In WWE, the implications of this are either totally shied away from or are handled about as dreadfully as one could imagine. We all know someone in our lives who has overcome these issues, someone who had to deal with their demons out in the open in order to further their life and well-being. In the WWE, this is shown as weakness, a punchline to a joke that doesn’t need to be told. Jeff Hardy will have a DUI, go to rehab, and immediately it will be the butt of some joke so a heel can pin him in six minutes for a laugh.

There’s no triumphant return, there’s no moment of vulnerability, just sad abuse of one’s personal circumstances for dwindling ratings and the amusement of one psychopath in the back.

Make no mistake, if Jon Moxley were in the WWE still this return would not have had the same grandeur it had Wednesday night. At best, it would’ve been glossed over or ignored outright. There would have been no mention of it, some mediocre heel would’ve put Moxley out of action and he’d return without a mention of why he’d disappeared in the first place. At worst, it would be the premise of his first storyline back and you’d have to hear Randy Orton or some other midcard heel wrestler poke fun at him for needing to leave in the first place. Twitter would rumble for about 12 minutes, before everyone remembered that the WWE is a fictional company run by lizard people and they’d go back to their regularly scheduled programming because frankly, no one could possibly care enough about that company to analyze their decisions by and large.

From its inception, AEW has tried to differentiate itself from the WWE in many respects. It’s a product that, at its best, is focused on people that you can in some way shape or form believe are real and bringing in real aspects of their personal lives is one of the many ways they achieve this type of presentation. Allowing Jon Moxley to address his issues with alcoholism out in the open, allowing a momentary glimpse behind the curtain into the life of a wrestler many fans have become attached to is humanizing in a way the WWE hasn’t been in quite some time.

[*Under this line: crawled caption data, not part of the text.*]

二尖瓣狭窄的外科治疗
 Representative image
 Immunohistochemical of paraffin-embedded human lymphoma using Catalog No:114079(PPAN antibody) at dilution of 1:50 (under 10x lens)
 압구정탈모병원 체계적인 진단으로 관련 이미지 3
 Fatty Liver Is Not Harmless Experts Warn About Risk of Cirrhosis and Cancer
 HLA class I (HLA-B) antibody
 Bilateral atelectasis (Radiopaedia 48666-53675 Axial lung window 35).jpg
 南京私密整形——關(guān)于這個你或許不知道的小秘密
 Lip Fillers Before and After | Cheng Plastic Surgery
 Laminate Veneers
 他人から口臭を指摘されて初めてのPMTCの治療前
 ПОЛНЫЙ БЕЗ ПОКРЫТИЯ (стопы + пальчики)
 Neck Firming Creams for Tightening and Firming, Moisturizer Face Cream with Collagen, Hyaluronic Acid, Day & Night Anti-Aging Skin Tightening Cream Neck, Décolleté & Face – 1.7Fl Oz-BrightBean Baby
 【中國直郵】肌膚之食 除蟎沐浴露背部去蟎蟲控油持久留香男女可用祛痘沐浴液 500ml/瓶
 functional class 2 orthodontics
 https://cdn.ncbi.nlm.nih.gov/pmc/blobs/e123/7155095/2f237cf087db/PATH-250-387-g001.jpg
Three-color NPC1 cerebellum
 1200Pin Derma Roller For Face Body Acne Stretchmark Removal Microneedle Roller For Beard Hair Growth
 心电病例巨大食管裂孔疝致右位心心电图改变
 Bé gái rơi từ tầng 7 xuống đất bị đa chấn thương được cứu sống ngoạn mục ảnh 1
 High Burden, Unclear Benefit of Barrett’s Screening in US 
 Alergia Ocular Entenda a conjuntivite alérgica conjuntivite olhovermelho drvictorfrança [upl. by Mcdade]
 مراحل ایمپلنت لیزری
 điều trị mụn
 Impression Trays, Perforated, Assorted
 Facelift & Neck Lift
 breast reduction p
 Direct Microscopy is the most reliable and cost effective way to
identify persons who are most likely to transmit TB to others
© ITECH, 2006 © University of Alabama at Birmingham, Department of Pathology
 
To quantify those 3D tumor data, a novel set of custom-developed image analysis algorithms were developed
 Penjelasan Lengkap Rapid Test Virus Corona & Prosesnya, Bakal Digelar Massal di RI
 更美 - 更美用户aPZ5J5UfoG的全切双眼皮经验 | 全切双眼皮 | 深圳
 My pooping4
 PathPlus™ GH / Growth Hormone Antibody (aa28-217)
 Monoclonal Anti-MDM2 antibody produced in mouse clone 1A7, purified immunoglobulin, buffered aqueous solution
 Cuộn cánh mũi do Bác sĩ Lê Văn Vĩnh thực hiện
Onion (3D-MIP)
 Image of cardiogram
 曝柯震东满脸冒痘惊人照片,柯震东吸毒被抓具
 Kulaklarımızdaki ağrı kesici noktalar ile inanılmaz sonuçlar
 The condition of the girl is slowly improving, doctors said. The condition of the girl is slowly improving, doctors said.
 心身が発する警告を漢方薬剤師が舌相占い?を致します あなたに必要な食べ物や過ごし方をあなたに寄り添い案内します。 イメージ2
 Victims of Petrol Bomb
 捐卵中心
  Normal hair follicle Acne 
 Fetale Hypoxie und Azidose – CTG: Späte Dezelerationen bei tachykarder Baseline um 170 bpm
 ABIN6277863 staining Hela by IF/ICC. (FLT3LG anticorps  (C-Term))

When Jon Moxley returned to AEW Dynamite, he looked healthy and rejuvenated.

The crowd was in the palm of his hand, and there was an understanding between the man in the ring and all those around the ring as to what he had been through. It wasn’t the subject of some poor-taste heel heat segment, it wasn’t ridiculed or ignored in favor of making the product appear squeaky clean, you listened to a changed man relay what he’d been through in the past few months to a crowd of invested human beings. Sometimes it’s okay to be a human. I know we’re all horrified of Russolover479 calling us a mark, but many of the best stories and characters in wrestling history have been shaped/defined by personal struggles the crowd witnessed in real-time.

It may seem hypocritical. It’s hard to humanize a man you’re going to watch commit theatrical self-harm for the next decade and say you care. It’s difficult to say in one breath you’re a bigger fan of Jon Moxley the human, and then in the next say you look forward to watching him face Homicide where he will almost certainly bleed buckets and get knocked senseless throughout, but perhaps that’s just the magic of wrestling when it’s presented at its best. Sometimes when the people you’re watching are real, when you watch these caricatures become human in front of you, that for me is when wrestling is at its best.

As fans we should be proud of Jon Moxley the human, it’s okay to be happy he didn’t become another statistic in an industry full of them.

As a fan, you’re allowed to root for people who’ve overcome their demons. I know the WWE and their adjacent crowd have broken people’s brains about this, but these are victories we are allowed to openly celebrate and I, for one, am glad that AEW let us in for this one. I’m glad that when I turn on my TV Wednesday night, I’ll see a healthy Jon Moxley not being confronted about his recent stint in rehab. I’ll be thrilled that he is still positioned as a conquering babyface and badass, despite a moment of vulnerability.

I’m happy that a company finally knows how to humanize the struggle.